Years of cuts have taken an enormous toll, while the cost of living and overstretched social care provision have seen financial hardship rise and access to support plummet.
Multiple charities highlight how people are being forced to pay for their own soaring care charges, putting ever greater strain on their already meagre finances.
Over in the US, advocates and campaigners, much like their British counterparts, are in a perpetual battle to secure people the support they need, when they need it and with community inclusion as a bedrock, not an add-on.
Insurance for support in the US
Medicaid, a US government-funded insurance programme, covers healthcare and community assistance for a range of people including millions of disabled adults and children.
Its introduction in 1965 was a pivotal moment in the decades-long shift from institutionalised care.
In total, around 87 million Americans were in receipt of Medicaid as of April this year – more than one in four of them.
It is the main source of funding for health and community services for millions of disabled people, including those with intellectual and developmental disabilities. It is often the only support for long-term community care services.
The system is complicated but, put simply, Medicaid is federally funded and administered while individual states are responsible for providing services and can match fund cash from the federal coffers.
Medicaid is far from a panacea. It is not exactly generous and provision varies from state to state. There are often waits for support, means testing leads to complex hoops being jumped through and it can be bureaucratically cumbersome.
However, it is a hugely popular and regarded by many people as essential to living in dignity in their communities.

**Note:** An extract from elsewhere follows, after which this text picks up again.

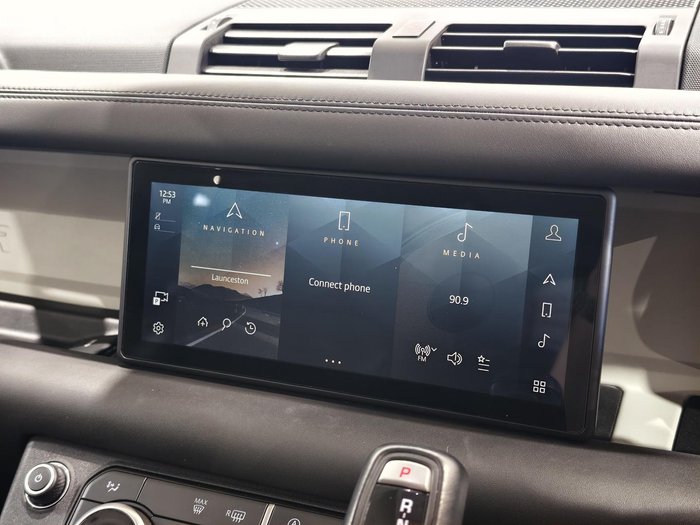 2020 Land Rover Defender 110 P400 SE L663 MY20.5 AWD Fuji White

In March, data from the Kaiser Family Foundation’s Health Tracking Poll showed that three-quarters of Americans had a “very favourable” view of it.
Yet, not unlike the ongoing squeeze on health and social care in the UK, Medicaid is frequently in the line of fire for cuts.

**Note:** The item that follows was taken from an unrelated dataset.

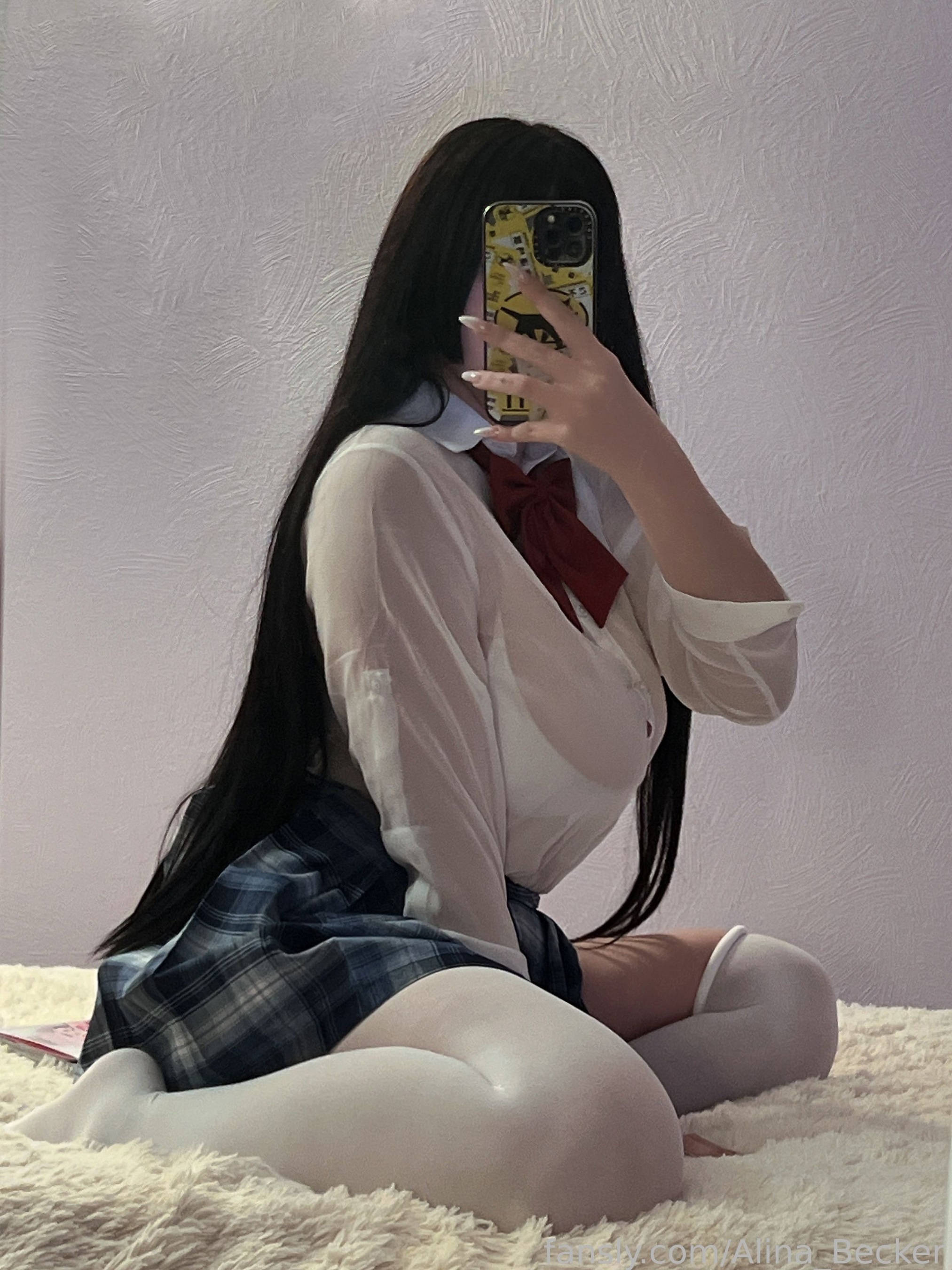 Alina Becker – Schoolgirl - 爱照片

During the latest set-to over the federal debt ceiling, Republicans again turned their attack dogs on Medicaid, with some calling for deep cuts to the tune of billions that would have seen around 21 million Americans ejected from it.
An attempt by the Republicans (not for the first time) to insert a “work requirement” during the negotiations fell at the final hurdle.
Disabled stave off attacks
David Goldfarb, director of long-term supports and services policy at The Arc, a nationwide umbrella services and advocacy body, says staving off challenges was in large part successful “because the disability community stood behind” efforts to protect Medicaid.
He points out that, in many ways, Medicaid has seen a “wild ride” running the gamut of expansion through President Obama’s Affordable Care Act in 2013 to ongoing threats to funding.
However, as he explains, “there is a lot of opportunity for bipartisanship”. There is a degree of agreement on supporting people to live independently, he argues, and political wrangles frequently revolve more around the overall cost of welfare programmes.
Threats to Medicaid remain and the wider political circus will do its thing as long as Republicans see the programme as low-hanging fruit in budget negotiations.
However, there is no denying the force of pushback against cuts that stopped them – this time.
For all the best efforts of advocates in the UK to protect services, the Tory government seems likely to make things worse in the next wave of cuts. And, at least until a general election, the same groups will suffer the consequences.